> **ABOUT THIS TASK**
What is needed here is an exact copy of all the entries below.

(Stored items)
● ● ●
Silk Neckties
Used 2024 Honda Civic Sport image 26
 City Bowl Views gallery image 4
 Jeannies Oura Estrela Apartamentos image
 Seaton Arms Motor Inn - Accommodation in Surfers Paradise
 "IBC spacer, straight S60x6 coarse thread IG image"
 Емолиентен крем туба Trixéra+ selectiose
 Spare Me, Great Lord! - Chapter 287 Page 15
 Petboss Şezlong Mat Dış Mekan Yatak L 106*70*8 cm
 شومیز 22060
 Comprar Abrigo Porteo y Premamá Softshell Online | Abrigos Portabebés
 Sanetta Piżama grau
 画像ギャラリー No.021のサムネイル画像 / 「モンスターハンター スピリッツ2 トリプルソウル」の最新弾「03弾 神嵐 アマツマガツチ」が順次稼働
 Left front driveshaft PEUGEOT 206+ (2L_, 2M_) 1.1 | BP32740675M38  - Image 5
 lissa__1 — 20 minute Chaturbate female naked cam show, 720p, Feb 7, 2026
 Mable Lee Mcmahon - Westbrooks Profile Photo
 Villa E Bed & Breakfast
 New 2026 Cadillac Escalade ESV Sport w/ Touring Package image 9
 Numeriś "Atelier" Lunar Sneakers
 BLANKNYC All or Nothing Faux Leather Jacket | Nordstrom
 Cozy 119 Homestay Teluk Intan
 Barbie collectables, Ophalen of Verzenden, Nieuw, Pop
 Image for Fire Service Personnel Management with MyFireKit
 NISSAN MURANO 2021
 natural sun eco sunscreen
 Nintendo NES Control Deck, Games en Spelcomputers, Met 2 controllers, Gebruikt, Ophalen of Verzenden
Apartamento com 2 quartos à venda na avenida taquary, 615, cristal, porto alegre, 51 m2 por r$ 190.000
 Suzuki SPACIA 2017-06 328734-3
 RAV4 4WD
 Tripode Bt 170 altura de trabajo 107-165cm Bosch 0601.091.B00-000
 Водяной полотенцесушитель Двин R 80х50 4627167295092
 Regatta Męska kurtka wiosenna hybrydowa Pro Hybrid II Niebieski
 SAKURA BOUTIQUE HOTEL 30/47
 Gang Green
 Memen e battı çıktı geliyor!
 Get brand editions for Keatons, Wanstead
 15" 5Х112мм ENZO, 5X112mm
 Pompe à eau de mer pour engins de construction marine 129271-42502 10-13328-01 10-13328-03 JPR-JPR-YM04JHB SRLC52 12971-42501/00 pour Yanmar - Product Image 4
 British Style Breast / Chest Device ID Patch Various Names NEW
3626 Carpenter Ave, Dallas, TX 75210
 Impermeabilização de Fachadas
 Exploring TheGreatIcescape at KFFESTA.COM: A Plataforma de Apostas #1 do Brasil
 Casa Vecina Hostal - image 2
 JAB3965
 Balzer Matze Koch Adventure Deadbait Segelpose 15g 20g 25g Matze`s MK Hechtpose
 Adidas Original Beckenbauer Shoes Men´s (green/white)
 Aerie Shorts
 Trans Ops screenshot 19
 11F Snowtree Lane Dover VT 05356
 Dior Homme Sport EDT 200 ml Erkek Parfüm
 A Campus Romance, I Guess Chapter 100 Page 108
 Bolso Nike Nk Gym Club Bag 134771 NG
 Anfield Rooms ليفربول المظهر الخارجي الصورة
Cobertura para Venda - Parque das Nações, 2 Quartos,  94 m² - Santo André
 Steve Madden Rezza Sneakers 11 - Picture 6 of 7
● ● ●
> **WRITTEN RESPONSE**
Silk Neckties
Used 2024 Honda Civic Sport image 26
 City Bowl Views gallery image 4
 Jeannies Oura Estrela Apartamentos image
 Seaton Arms Motor Inn - Accommodation in Surfers Paradise
 "IBC spacer, straight S60x6 coarse thread IG image"
 Емолиентен крем туба Trixéra+ selectiose
 Spare Me, Great Lord! - Chapter 287 Page 15
 Petboss Şezlong Mat Dış Mekan Yatak L 106*70*8 cm
 شومیز 22060
 Comprar Abrigo Porteo y Premamá Softshell Online | Abrigos Portabebés
 Sanetta Piżama grau
 画像ギャラリー No.021のサムネイル画像 / 「モンスターハンター スピリッツ2 トリプルソウル」の最新弾「03弾 神嵐 アマツマガツチ」が順次稼働
 Left front driveshaft PEUGEOT 206+ (2L_, 2M_) 1.1 | BP32740675M38  - Image 5
 lissa__1 — 20 minute Chaturbate female naked cam show, 720p, Feb 7, 2026
 Mable Lee Mcmahon - Westbrooks Profile Photo
 Villa E Bed & Breakfast
 New 2026 Cadillac Escalade ESV Sport w/ Touring Package image 9
 Numeriś "Atelier" Lunar Sneakers
 BLANKNYC All or Nothing Faux Leather Jacket | Nordstrom
 Cozy 119 Homestay Teluk Intan
 Barbie collectables, Ophalen of Verzenden, Nieuw, Pop
 Image for Fire Service Personnel Management with MyFireKit
 NISSAN MURANO 2021
 natural sun eco sunscreen
 Nintendo NES Control Deck, Games en Spelcomputers, Met 2 controllers, Gebruikt, Ophalen of Verzenden
Apartamento com 2 quartos à venda na avenida taquary, 615, cristal, porto alegre, 51 m2 por r$ 190.000
 Suzuki SPACIA 2017-06 328734-3
 RAV4 4WD
 Tripode Bt 170 altura de trabajo 107-165cm Bosch 0601.091.B00-000
 Водяной полотенцесушитель Двин R 80х50 4627167295092
 Regatta Męska kurtka wiosenna hybrydowa Pro Hybrid II Niebieski
 SAKURA BOUTIQUE HOTEL 30/47
 Gang Green
 Memen e battı çıktı geliyor!
 Get brand editions for Keatons, Wanstead
 15" 5Х112мм ENZO, 5X112mm
 Pompe à eau de mer pour engins de construction marine 129271-42502 10-13328-01 10-13328-03 JPR-JPR-YM04JHB SRLC52 12971-42501/00 pour Yanmar - Product Image 4
 British Style Breast / Chest Device ID Patch Various Names NEW
3626 Carpenter Ave, Dallas, TX 75210
 Impermeabilização de Fachadas
 Exploring TheGreatIcescape at KFFESTA.COM: A Plataforma de Apostas #1 do Brasil
 Casa Vecina Hostal - image 2
 JAB3965
 Balzer Matze Koch Adventure Deadbait Segelpose 15g 20g 25g Matze`s MK Hechtpose
 Adidas Original Beckenbauer Shoes Men´s (green/white)
 Aerie Shorts
 Trans Ops screenshot 19
 11F Snowtree Lane Dover VT 05356
 Dior Homme Sport EDT 200 ml Erkek Parfüm
 A Campus Romance, I Guess Chapter 100 Page 108
 Bolso Nike Nk Gym Club Bag 134771 NG
 Anfield Rooms ليفربول المظهر الخارجي الصورة
Cobertura para Venda - Parque das Nações, 2 Quartos,  94 m² - Santo André
 Steve Madden Rezza Sneakers 11 - Picture 6 of 7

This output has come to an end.